* **Dataset records**
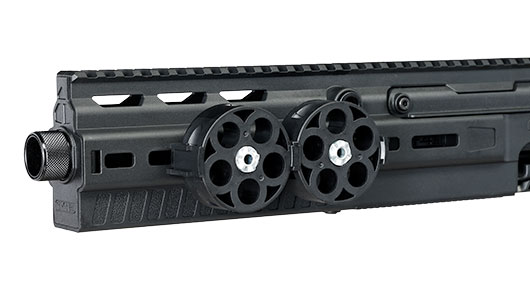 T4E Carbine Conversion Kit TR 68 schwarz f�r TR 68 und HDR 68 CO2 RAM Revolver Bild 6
--
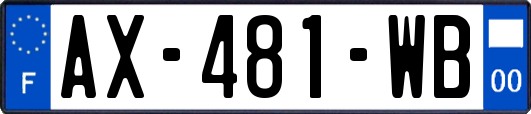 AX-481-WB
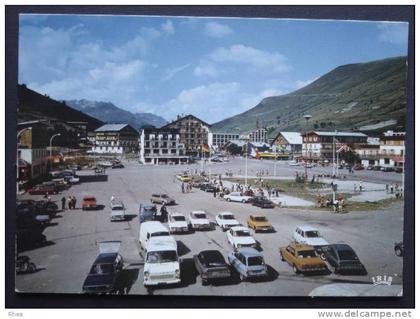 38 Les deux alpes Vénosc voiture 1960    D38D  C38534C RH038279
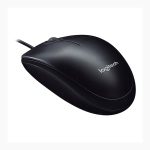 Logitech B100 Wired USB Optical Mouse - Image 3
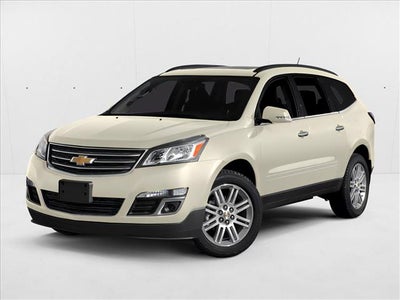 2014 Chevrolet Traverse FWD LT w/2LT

* **Task brief**
Working from the data above, repeat exactly, and only, the lines that begin at the line containing "Logitech B100 Wired" and stop after the line containing "2014 Chevrolet Traverse FWD LT w/2LT"; pictures are not copied.

* **Answer to this problem**
 Logitech B100 Wired USB Optical Mouse - Image 3
 2014 Chevrolet Traverse FWD LT w/2LT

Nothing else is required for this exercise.